WHAT TO PRODUCE
In the records below, find the line with "Schneider Electric Belgrade", then copy each line exactly until you have copied the line with "TRIJICON BLT MT". Leave any picture out.

LISTED RECORDS
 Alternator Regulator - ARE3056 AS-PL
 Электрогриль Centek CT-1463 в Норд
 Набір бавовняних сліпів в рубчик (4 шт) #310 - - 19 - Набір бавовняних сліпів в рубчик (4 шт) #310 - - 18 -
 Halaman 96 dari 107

---

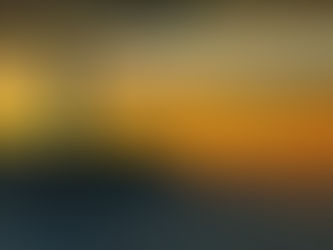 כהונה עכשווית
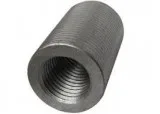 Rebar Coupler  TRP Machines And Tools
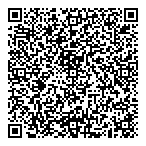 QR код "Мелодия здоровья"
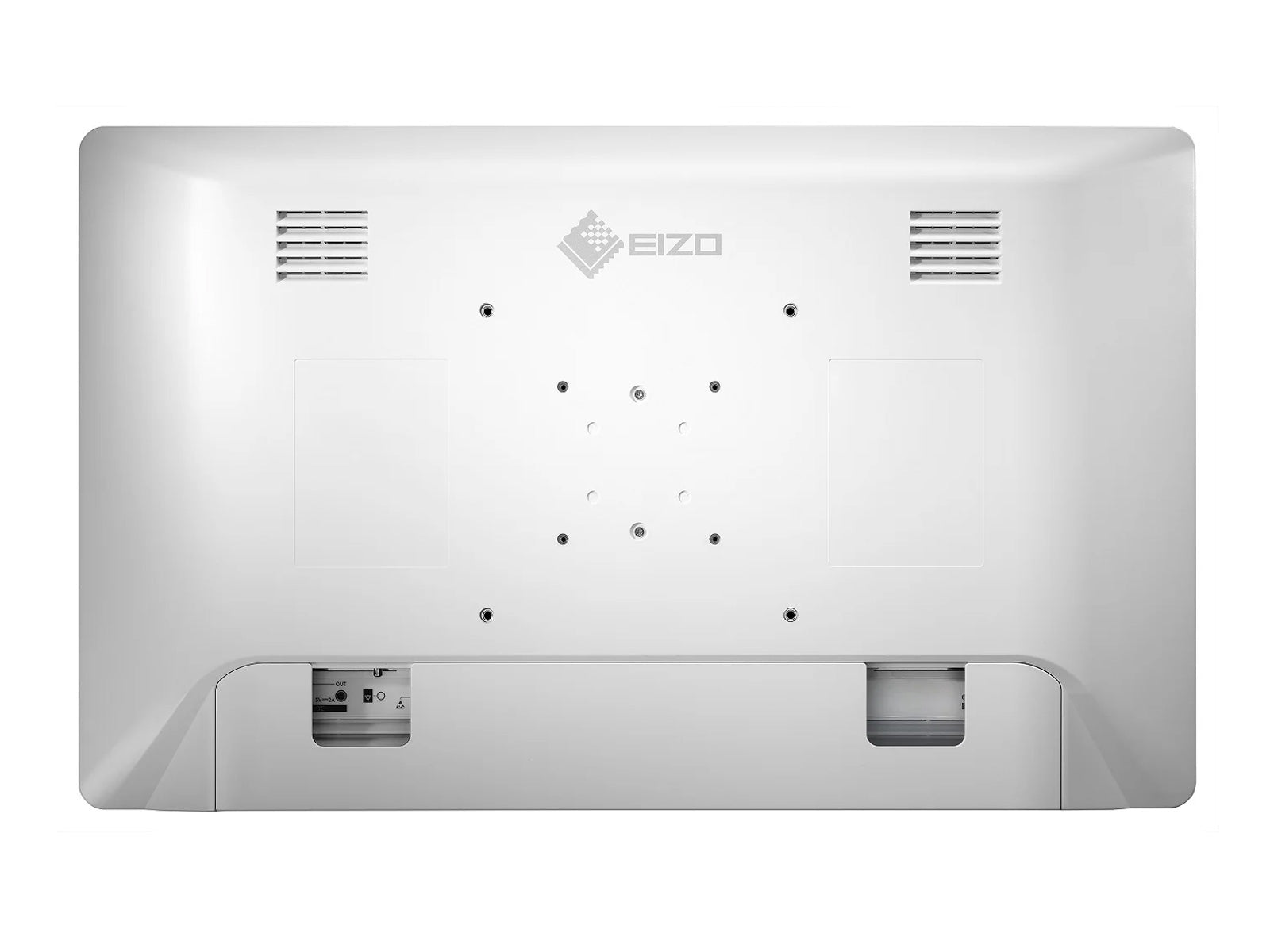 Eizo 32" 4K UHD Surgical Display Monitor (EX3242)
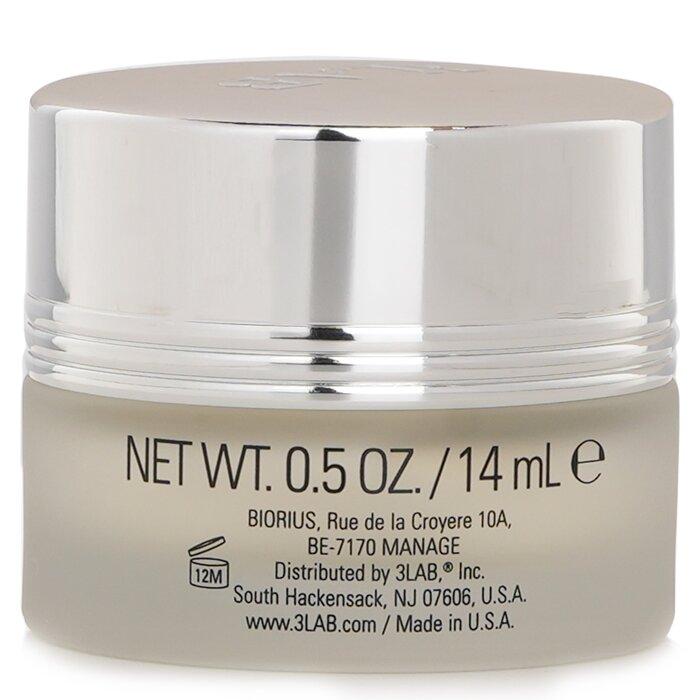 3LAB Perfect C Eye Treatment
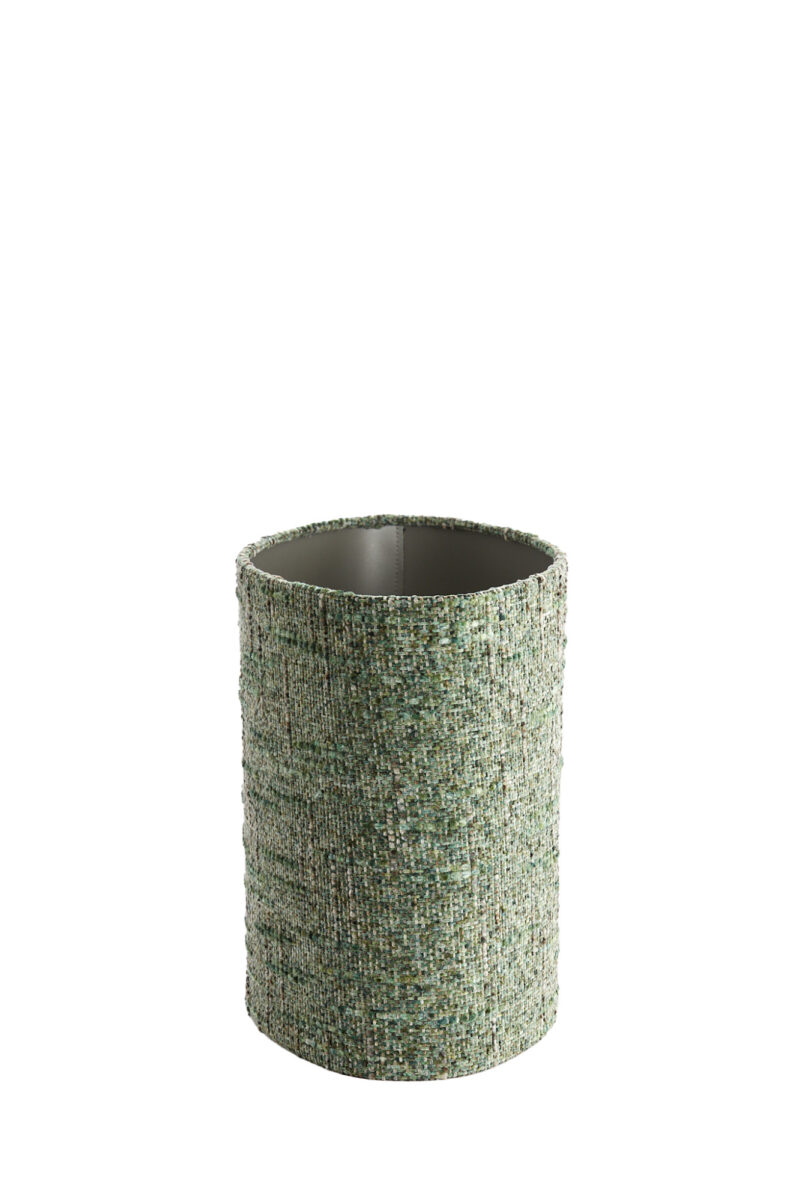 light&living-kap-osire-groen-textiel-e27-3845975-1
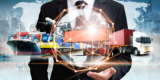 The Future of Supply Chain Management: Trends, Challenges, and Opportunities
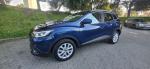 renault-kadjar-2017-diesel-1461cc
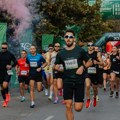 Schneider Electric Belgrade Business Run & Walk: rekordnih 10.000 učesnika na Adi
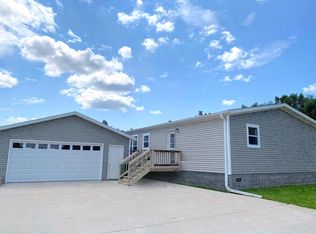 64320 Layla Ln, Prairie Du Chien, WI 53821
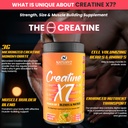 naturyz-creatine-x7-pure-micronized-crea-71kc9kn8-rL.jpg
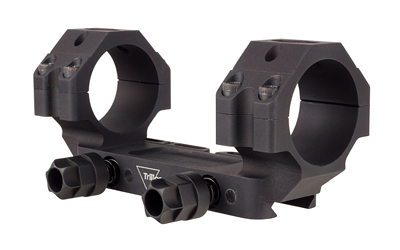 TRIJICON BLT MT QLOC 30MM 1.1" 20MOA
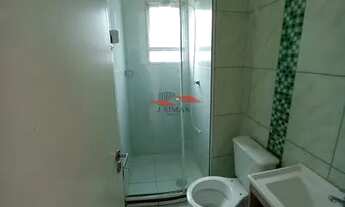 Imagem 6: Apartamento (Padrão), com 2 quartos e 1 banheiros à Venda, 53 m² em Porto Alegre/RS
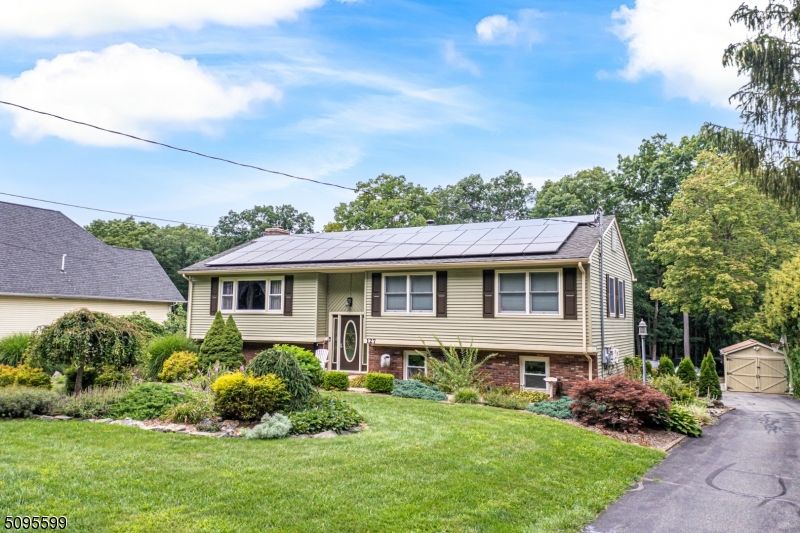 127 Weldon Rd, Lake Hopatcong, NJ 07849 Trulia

==

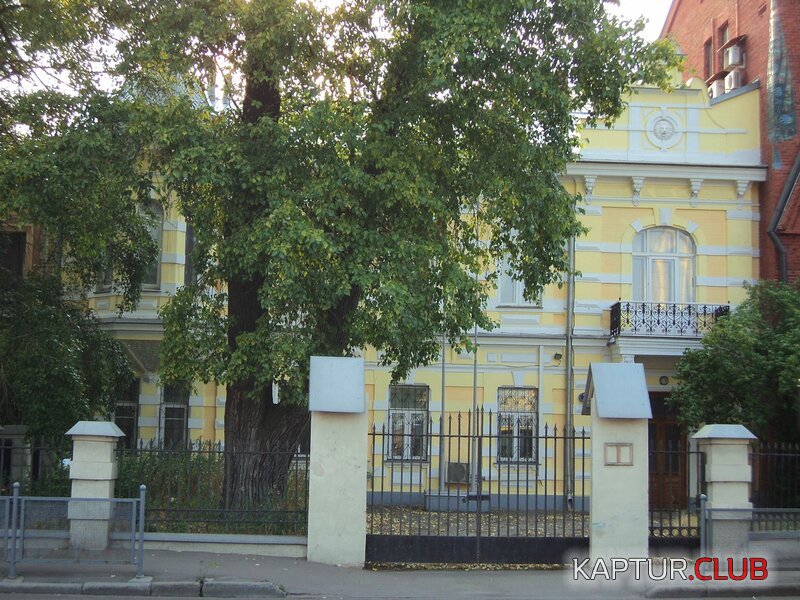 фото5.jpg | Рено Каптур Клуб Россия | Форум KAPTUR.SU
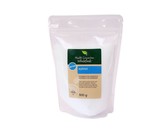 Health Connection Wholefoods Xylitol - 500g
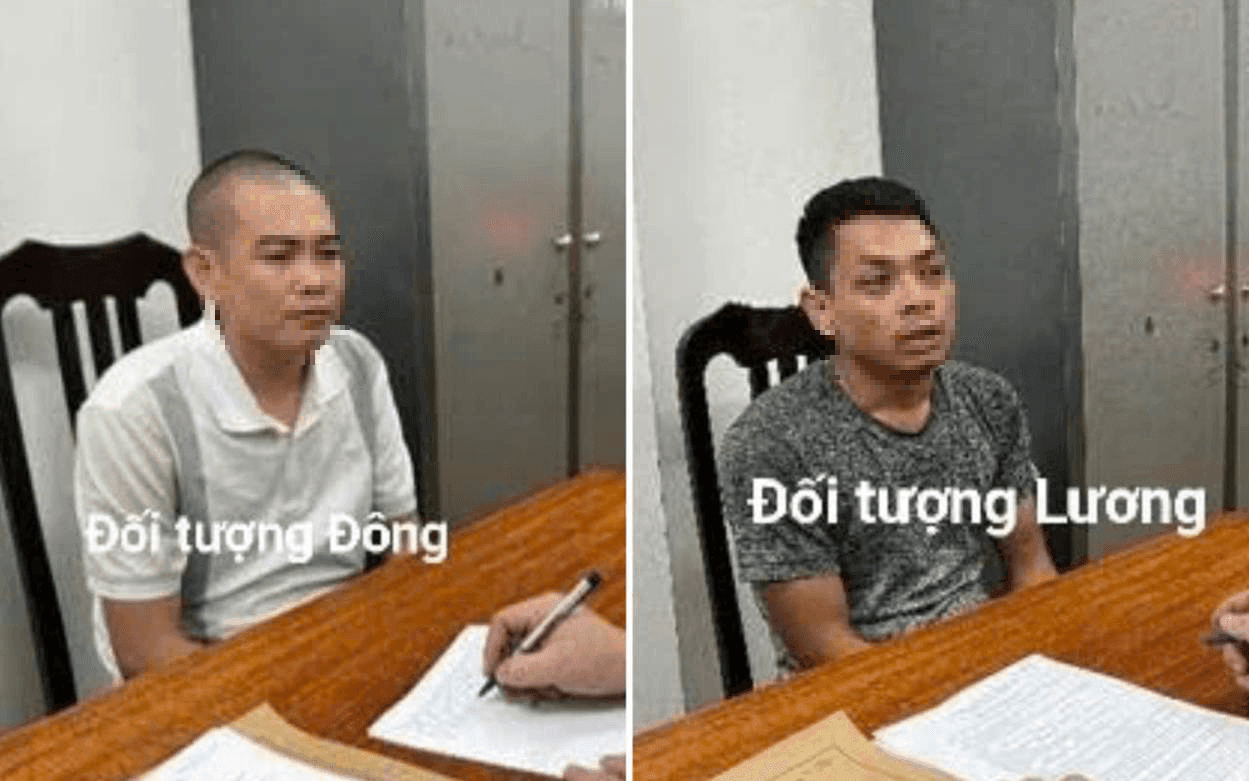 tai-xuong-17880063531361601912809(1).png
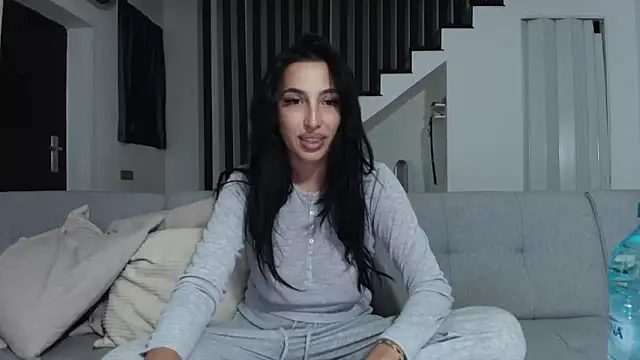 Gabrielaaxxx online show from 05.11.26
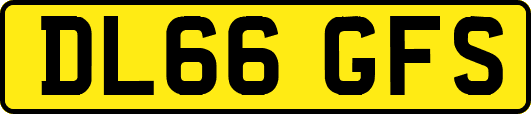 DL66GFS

WRITTEN SOLUTION
 Schneider Electric Belgrade Business Run & Walk: rekordnih 10.000 učesnika na Adi
 64320 Layla Ln, Prairie Du Chien, WI 53821
 naturyz-creatine-x7-pure-micronized-crea-71kc9kn8-rL.jpg
 TRIJICON BLT MT QLOC 30MM 1.1" 20MOA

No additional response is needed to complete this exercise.